Live

Steel Train, Dear and the Headlights, Forgive Durden, Crossing Sarnoff

Club Congress, Sunday, Nov. 2

Early Sunday evenings at Hotel Congress are normally sedate affairs, but this past weekend served as the exception, as all parts of the hotel bustled with activity.

Past the packed Cup Café, local musician Jimmy Carr rocked an accordion on the Tap Room patio, still draped in festive Halloween faux webs; buggy-wielding attendees of the robot-themed Baby Club Congress enjoyed well-deserved post-show cocktails in the lobby; and the hotel's banquet room was filled with a who's-who of the last 20-plus years of Tucson music, all celebrating the wedding of Mr. and Mrs. David Slutes (Congress entertainment director and member of the Sand Rubies). Congrats!

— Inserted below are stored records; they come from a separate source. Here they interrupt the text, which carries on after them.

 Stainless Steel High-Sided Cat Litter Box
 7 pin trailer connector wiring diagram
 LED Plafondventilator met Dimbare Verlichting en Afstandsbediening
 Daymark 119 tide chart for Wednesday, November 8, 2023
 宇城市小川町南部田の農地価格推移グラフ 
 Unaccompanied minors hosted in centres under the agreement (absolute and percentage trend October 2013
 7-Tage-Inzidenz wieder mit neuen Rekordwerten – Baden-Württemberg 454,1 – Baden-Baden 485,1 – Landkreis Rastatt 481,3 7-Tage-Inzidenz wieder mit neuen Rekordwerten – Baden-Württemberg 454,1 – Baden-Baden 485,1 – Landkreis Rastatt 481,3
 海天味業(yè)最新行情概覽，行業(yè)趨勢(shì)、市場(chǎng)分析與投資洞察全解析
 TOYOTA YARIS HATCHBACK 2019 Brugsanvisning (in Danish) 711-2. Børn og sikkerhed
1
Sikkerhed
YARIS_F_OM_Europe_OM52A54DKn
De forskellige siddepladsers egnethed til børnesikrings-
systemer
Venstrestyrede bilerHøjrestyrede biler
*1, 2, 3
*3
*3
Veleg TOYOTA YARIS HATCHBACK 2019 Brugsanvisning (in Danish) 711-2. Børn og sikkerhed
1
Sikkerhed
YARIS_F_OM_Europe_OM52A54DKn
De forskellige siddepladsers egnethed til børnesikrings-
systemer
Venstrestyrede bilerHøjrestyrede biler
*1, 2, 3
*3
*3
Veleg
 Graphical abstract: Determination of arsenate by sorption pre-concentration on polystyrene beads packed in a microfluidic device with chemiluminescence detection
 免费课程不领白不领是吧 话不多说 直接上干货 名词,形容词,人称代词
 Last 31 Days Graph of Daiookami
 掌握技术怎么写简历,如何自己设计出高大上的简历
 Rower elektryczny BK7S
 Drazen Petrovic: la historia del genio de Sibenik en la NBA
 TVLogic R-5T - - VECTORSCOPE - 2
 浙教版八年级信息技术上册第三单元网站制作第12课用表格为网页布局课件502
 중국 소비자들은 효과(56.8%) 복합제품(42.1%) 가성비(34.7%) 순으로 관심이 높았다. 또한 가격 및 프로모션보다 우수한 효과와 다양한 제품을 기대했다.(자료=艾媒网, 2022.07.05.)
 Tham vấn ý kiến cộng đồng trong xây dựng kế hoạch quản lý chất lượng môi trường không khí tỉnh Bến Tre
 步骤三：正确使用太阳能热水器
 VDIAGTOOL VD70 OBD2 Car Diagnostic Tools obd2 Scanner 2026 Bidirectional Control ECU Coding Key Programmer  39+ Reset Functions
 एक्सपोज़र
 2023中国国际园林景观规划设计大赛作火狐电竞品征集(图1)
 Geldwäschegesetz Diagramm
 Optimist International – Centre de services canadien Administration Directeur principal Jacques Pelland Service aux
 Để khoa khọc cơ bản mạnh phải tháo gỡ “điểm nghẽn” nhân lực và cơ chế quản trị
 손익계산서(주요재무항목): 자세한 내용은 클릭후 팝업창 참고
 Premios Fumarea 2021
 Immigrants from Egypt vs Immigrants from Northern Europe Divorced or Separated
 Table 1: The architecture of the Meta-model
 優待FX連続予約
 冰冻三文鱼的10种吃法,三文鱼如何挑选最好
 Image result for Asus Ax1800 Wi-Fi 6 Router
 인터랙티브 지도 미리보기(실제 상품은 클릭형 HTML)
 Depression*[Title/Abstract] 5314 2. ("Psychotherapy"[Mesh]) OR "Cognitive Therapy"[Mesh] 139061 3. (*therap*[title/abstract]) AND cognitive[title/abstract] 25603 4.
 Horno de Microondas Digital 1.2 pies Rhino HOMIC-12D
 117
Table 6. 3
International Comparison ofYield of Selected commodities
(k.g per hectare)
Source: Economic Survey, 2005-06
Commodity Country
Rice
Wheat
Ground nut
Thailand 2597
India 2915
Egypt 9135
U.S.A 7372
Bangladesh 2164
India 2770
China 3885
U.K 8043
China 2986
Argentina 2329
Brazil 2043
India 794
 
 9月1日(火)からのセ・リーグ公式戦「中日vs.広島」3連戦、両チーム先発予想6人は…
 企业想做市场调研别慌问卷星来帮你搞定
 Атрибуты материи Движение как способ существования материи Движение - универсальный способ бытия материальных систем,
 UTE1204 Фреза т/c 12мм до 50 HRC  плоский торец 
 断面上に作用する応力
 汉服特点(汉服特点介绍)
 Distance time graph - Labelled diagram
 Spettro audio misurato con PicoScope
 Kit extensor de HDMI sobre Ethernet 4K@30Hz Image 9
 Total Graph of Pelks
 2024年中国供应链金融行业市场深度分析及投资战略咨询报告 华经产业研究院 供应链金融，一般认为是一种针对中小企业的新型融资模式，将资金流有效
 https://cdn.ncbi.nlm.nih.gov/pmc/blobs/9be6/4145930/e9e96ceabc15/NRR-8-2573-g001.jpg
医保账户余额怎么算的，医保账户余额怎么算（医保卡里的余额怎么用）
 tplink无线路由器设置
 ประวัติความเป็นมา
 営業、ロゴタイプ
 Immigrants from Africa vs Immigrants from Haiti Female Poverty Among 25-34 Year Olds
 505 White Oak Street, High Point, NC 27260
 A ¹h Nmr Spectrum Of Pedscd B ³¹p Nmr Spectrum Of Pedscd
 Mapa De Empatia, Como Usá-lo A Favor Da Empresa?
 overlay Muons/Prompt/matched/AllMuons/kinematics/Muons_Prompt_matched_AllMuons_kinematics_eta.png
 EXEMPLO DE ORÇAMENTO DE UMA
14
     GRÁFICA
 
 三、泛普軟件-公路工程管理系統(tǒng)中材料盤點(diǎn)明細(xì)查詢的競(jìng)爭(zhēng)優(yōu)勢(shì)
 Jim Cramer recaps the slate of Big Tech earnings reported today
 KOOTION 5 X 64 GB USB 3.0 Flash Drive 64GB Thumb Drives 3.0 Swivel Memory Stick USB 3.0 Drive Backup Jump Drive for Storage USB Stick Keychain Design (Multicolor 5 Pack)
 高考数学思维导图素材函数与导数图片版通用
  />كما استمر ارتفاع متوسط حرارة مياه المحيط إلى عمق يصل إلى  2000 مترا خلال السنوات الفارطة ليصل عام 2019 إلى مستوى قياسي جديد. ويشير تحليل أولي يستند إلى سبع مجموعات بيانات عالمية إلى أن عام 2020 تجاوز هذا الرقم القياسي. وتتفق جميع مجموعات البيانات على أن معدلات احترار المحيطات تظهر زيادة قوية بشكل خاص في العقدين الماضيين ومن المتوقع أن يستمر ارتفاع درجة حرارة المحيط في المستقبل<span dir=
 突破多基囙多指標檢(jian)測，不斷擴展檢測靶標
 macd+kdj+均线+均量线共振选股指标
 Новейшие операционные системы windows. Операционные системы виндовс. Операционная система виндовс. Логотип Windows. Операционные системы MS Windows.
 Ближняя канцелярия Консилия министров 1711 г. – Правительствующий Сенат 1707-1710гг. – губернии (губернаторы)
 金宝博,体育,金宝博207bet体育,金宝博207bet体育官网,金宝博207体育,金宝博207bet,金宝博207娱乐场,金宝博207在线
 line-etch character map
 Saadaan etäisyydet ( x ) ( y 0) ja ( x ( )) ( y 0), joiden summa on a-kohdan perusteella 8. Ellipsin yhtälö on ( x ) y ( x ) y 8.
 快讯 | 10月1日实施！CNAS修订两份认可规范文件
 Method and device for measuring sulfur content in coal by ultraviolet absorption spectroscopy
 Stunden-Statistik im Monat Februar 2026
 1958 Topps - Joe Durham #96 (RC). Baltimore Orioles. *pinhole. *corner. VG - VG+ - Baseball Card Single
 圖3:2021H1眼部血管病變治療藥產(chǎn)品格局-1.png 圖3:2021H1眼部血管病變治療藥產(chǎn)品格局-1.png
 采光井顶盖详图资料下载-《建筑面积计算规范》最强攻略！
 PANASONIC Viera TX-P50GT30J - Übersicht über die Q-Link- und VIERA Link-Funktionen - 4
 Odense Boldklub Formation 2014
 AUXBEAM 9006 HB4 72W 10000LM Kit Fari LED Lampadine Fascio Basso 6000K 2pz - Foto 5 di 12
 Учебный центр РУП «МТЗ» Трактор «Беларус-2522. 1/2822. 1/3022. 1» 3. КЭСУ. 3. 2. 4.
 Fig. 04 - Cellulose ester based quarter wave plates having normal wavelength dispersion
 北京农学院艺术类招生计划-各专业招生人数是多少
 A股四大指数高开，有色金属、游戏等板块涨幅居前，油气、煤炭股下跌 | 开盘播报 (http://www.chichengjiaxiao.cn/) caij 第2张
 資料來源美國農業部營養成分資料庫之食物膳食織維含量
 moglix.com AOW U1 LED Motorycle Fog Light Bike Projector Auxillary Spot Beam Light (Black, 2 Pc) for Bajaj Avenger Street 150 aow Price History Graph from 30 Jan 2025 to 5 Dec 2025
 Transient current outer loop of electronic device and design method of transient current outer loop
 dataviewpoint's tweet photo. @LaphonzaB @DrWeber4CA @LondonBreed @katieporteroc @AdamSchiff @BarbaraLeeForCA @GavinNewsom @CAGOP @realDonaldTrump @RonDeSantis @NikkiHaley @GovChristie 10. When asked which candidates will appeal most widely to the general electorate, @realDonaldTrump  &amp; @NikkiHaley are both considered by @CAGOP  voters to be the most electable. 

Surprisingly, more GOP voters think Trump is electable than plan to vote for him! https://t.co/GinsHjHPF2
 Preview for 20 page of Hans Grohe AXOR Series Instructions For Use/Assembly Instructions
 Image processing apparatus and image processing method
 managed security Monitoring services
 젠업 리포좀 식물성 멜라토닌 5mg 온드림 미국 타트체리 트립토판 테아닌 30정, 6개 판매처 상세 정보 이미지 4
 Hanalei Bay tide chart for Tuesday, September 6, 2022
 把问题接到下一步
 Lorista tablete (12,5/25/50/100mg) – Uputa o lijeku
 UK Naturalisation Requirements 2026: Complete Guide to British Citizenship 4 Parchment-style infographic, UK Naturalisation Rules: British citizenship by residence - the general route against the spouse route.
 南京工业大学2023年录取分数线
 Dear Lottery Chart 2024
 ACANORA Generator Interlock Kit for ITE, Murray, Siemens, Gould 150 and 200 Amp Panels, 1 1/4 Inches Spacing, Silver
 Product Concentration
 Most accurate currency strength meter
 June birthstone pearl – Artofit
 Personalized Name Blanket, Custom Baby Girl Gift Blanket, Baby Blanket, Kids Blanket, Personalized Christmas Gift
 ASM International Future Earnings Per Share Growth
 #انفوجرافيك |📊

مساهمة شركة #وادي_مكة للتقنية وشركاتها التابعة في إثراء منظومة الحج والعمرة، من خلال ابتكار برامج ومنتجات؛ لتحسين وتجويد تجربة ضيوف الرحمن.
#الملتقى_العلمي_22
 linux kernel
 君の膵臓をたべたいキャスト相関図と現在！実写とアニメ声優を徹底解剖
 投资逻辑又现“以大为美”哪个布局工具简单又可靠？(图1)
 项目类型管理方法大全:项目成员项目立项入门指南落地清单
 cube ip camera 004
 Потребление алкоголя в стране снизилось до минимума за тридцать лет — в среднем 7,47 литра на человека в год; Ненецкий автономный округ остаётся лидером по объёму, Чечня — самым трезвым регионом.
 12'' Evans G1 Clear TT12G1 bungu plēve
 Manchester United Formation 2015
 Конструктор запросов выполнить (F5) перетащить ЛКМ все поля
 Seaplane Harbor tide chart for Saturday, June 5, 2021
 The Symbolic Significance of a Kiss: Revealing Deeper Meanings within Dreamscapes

Outside on Congress Street, a line stretched around the building for an all-ages show headlined by New Jersey's Steel Train, a frequent Tucson visitor whose stock has risen in recent years due to lead singer Jack Antonoff's high-profile relationships with Scarlett Johansson and current squeeze Alia Shawkat (of Arrested Development).

Local pop-rock group Crossing Sarnoff earned the coveted opening slot with tight numbers like "Burnt Up," its harmonies and sugary hooks bringing to mind Phoenix's now-defunct The Format. The Format's influence can still be felt both in Tucson and up north, with bands like tonight's middle act, Dear and the Headlights.

Thomas Dutton, aka Forgive Durden (yes, a Fight Club reference), followed CS's short set with the surprise hit performance of the night, sampling the bulk of his new release, Razia's Shadow: A Musical, with a full band backing the canned musical score. Dutton is like a teen-heartthrob version of My Brightest Diamond or St. Vincent.

Quintet Dear and the Headlights are enjoying national praise from the likes of Spin for their sophomore release, Drunk Like Bible Times, which is full of bouncy, emotional (not quite emo), frustrated-teen anthems that played well to the younger crowd; quite a few made it painfully obvious they knew all the words to "Sweet Talk."

Steel Train closed with the intensity of the E Street Band (or even Bright Eyes) and the pop sensibility of Jellyfish--or, again, The Format. Crowd-pleasers included the emo-Sufjan-esque "I Feel Weird" and the "awww"-prompting, xylophone-and-tambourine unplugged version "Women I Belong To," answering the question, "How did that guy get those girls?"